Several people told him several versions. More by luck than judgement an accepted spelling was finally inscribed, with a neat 3 in front.

'There were a number of slips of paper,' continued the rector, 'bearing the suggestion that a statue of Nathaniel Patten should be erected.'

A warm buzz went round the room. It was obvious that this idea was most welcome.

'Statue,' said the youth, pressing unduly upon the chalk and snapping it in two. His finger-nails scratched the board and there was a hissing as several people drew in their breath sharply.

'Puts your teeth on edge, don't it?' said old Mr Piggott glumly.

'Not so bad as a slate pencil,' said his elderly neighbour.

'Ah! It's walking on a stone floor in me socks that touches me up,' said someone else conversationally. 'Specially if your feet's a bit damp-like. Fair turns your teeth to chalk that does.'

'Sorry all,' said the boy cheerfully, diving to retrieve one of the pieces from under the pedal of the piano. The rector, seeing his meeting stray once again, rapped smartly with the inkwell once more.

'There are several modifications of this last suggestion,' he said in a firm voice, looking severely over his half glasses at old Piggott who was embarking upon a long rigmarole about the reaction of false as against natural teeth when they were being set on edge. Reluctantly Piggott rumbled to a halt.

'Some have put "life-size," some have said the kind of material they prefer, such as "bronze" or "stone," and one
rather charming suggestion wonders if Nathaniel might be surrounded by a group of African children for whom he did so much.' The rector's kindly gaze seemed to stray towards Dimity who twisted the acorn with such agitation that it fell off and rolled under a radiator.
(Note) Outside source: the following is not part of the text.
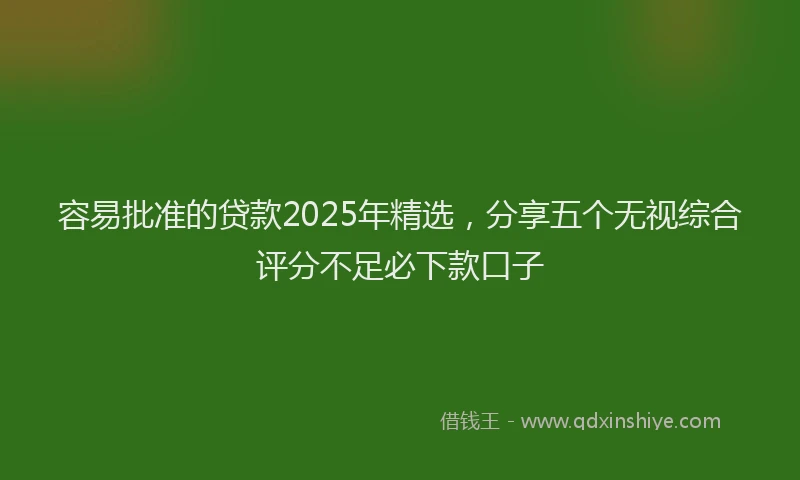 容易批准的贷款2025年精选，分享五个无视综合评分不足必下款口子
'Let me,' said Harold Shoosmith, kneeling down with an alacrity and suppleness which the rector envied. Not even a knee-crack, noted the rector wistfully, remembering the reports, which habitually punctuated the services, from his own stiffening joints.

The acorn had rolled as far as it could into the murk under the radiator. Harold lay down at full-length and pulled out a toffee paper, part of a jig-saw puzzle, a rusty drawing-pin, two beads and a handful of grey fluff.

'Really!' said Miss Watson, turning pink. 'I must speak to the cleaner.' She looked most annoyed. She had not been too pleased to see Miss Fogerty's archaic reading lesson made so public. There were plenty of bright modern readers in the cupboards, specially recommended by the new infants' school adviser for the area. It gave such a wrong impression to see all that stuff about Ned's bad leg on the board. Fond as she was of dear Agnes there was no doubt about it she was just a shade behind the times. And now all this rubbish being brought to light! Really teachers had enough, one way or another, to drive them quite mad, thought poor mortified Miss Watson, tugging at her cardigan.

Harold retrieved the acorn and scrambled nimbly to his feet, smiling at Dimity. The rector, collecting his wits, returned to the fray.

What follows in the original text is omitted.